I was less concerned about her reaction than my own. I was afraid I might have trouble maintaining my composure.
We spent a lovely week in Paris exactly this time last year, the weather unseasonably pleasant, as I understand it also was Friday night.
But my relationship with Paris well predates that. With only modest poetic license I can argue the city runs through my veins.
My parents met there in the late ’40s, and my first visit occurred when I was 8 years old. We stayed at a small hotel off the Champs-Élysées called the Gallia whose restaurant served the best coffee ice cream I’ve ever tasted.

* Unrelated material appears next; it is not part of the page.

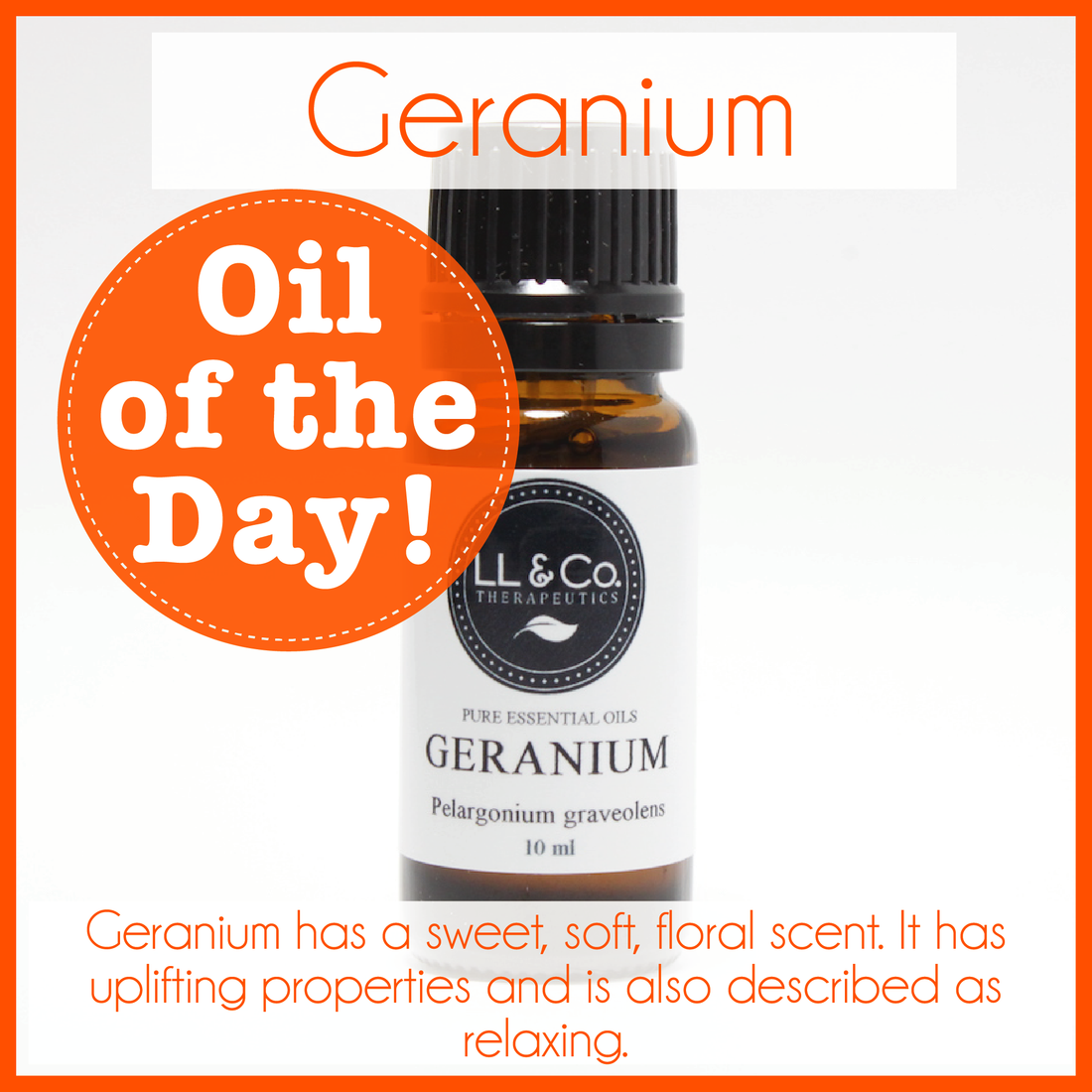 Oil of the Day - Geranium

We’d go for pony rides in the Jardin des Champs-Élysées, between the Rond-point and Place de la Concorde, and once or twice to the Jardin d’Acclimatation, an amusement park in the Bois de Boulogne.

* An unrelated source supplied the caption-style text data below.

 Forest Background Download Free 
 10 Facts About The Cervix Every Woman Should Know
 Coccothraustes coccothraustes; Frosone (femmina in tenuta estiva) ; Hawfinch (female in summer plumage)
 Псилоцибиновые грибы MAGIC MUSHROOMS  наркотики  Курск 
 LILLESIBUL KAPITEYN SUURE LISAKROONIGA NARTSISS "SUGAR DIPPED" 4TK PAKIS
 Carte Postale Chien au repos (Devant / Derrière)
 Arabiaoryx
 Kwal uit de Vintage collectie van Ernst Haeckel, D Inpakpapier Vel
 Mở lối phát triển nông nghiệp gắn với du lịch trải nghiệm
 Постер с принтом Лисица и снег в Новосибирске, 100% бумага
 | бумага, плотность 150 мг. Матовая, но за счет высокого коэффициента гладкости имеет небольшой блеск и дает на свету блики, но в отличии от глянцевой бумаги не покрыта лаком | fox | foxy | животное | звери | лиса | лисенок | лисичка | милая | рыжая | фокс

Paris served as the point of departure for a hitchhiking trip that my cousin George and I took the summer I graduated from high school in 1971. We traveled to the North Cape at the top of Norway and back again.
To this day, my 91-year-old aunt Lily, who lives in Paris, reminds me of my alarm when, as a “new hippie” as she described me, I met George at her apartment (me with my pristine backpack) and he announced we’d be attending a rock concert in the suburbs that evening.
When I asked, jet-lagged, where we’d spend my first night in Paris, he said matter-of-factly, according to Lily again, “Wherever we sit, we sleep.”
Fortunately, it was raining so hard that we checked into a hotel instead.
I have fonder memories of celebrating my younger daughter Gracie’s seventh birthday in Paris, with a superb mocha cake at the Ladurée on the Champs-Élysées. And chasing her down the tree-lined boulevard as she sped off on the brand new Razor scooter we’d secreted in the overhead luggage bin on the plane and surprised her with at her party.
I turned on the TV in the living room to follow the attacks—for once the “breaking news” boasted on the screen was actually breaking—and continued to do so live on my phone’s CNN app as I took a bath. Still having not told Debbie, who was in our bedroom reading.
When I returned to the living room she joined me, but I hardly said a word. The images and words on the screen spoke for themselves.
It occurred to me—as the news from the soccer match at the Stade de France, the restaurant shootings, and the still-developing hostage situation at the Bataclan theater arrived—that as horrific as the situation in Paris seemed to be, 9/11 had been much worse.
So why was this event so shocking?
Does the memory of everything, even the collapse of the Twin Towers and the death of thousands, fade over time?
I don’t think that’s what it was. I visited Ground Zero a week after the attacks. And what most struck me was that the destruction—the 110-story skyscrapers reduced to smoldering rubble, the surrounding buildings with huge holes gouged by the falling debris—was of a scale typically associated with natural disasters.
Yet it had been accomplished by human planning. People had made a decision that chaos was more attractive than order, death than life.
New York City is a monument to ambition. But Paris, perhaps more than any other city I’ve visited, is a rolling celebration of life.
The architecture is routinely beautiful. The generosity of its boulevards suggest that something other than maximizing real estate values was at work in their planning. The city isn’t divided, but united, by a river with beautiful bridges to linger over.
And best of all, the outdoor cafes serve as testimony that what matters most is air and light, food and drink, and perhaps socializing and people-watching above all else.
The terrorists attacked what it means most to be human in the most human of cities.